But what exactly does the term ‘coﬀee-preneur’ mean, and what will the magazine be covering in their session? Editor In Chief Soheb Panja, gives you a sneak-peak in this open letter…
‘London appears to be creaking at the seams with wide-eyed enthusiasts with a business idea. Some even evolve into a business plan, rusty sketches and back of-napkin numbers may follow, and some could even turn into actual live things. Every year sees a new record high of the number of people starting up; last year the number broke the 600,000 mark.
And it’s in food and drink retail where a lot of the going-it alone energy and imagination in London is centered upon. More speciﬁcally, it’s coﬀee and various interpretations of bringing quality eating and drinking in a casual style that has struck such a chord.

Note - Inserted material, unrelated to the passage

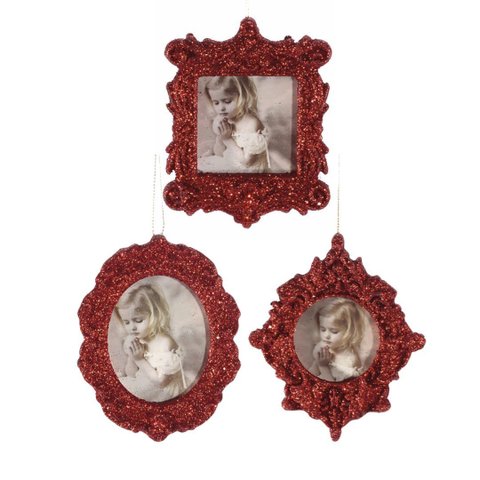 Kit Porta Retrato Vermelho para Árvore Natal 10cm 3 Peças - Magizi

In the last few years, The London Coﬀee Festival has increasingly been where imaginative and ambitious business ideas have collided with the ﬁner points on brewing a cup of coﬀee. We’re delighted to be hosting debates and discussions at The Lab this year, where we expect some of the sharper minds in London’s food and drink scene will swap stories on the emerging forces shaping casual eating and drinking in the coming year, and their plans on setting up new and enduring businesses.
This patchwork of ideas we hope to hear at The Lab this year should make for fascinating listening. The interplay of food and coﬀee, innovation of retail formats and architecture around coﬀee and even how service is changing is where a huge amount of creative work is taking place.

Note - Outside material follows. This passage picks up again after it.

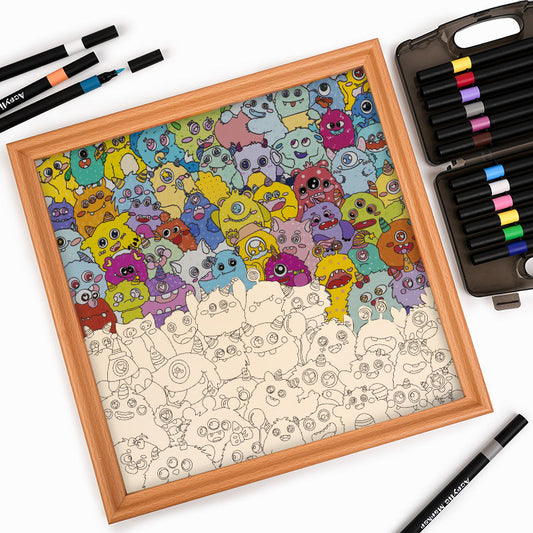 Little Monster - Wooden Coloring Puzzle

Quality, aﬀordable and relaxed places to eat and drink have come relatively suddenly in a city that not that long ago was making do with some appalling stuﬀ. It’s a transformation that has come not just from people with a sharp eye for design and cooking skills, but those same people have demonstrated a canny commercial nous in how they’ve built their business models, rethought physical space and formed intelligent growth plans.

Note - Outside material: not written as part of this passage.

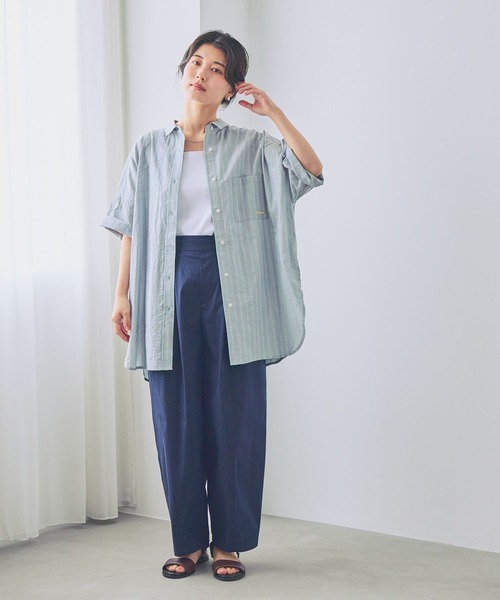studio CLIP(スタディオクリップ)の「刺繍ストライプ半袖シャツ(シャツ/ブラウス・レディース・その他3/その他1/その他2/その他6/その他5・FREE)」の6枚目の写真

Individuals behind businesses like Grind in Shoreditch, Workshop in Clerkenwell, Caravan in Kings Cross, Street Coﬀee in Bermondsey and Fernandez & Wells in Soho have done much to change the spirit in their respective neighbourhoods, and they’ve also sparked a creative/commercial fuse in many to have a go at their own dreams of a cafe/restaurant that could be just as ground-breaking, just as successful, and just as inspiring to others to this last wave.
The next wave of coﬀee and food operators are undoubtedly hatching some incredible projects. We’re expecting to get a glimpse into these at this year’s London Coﬀee Festival.’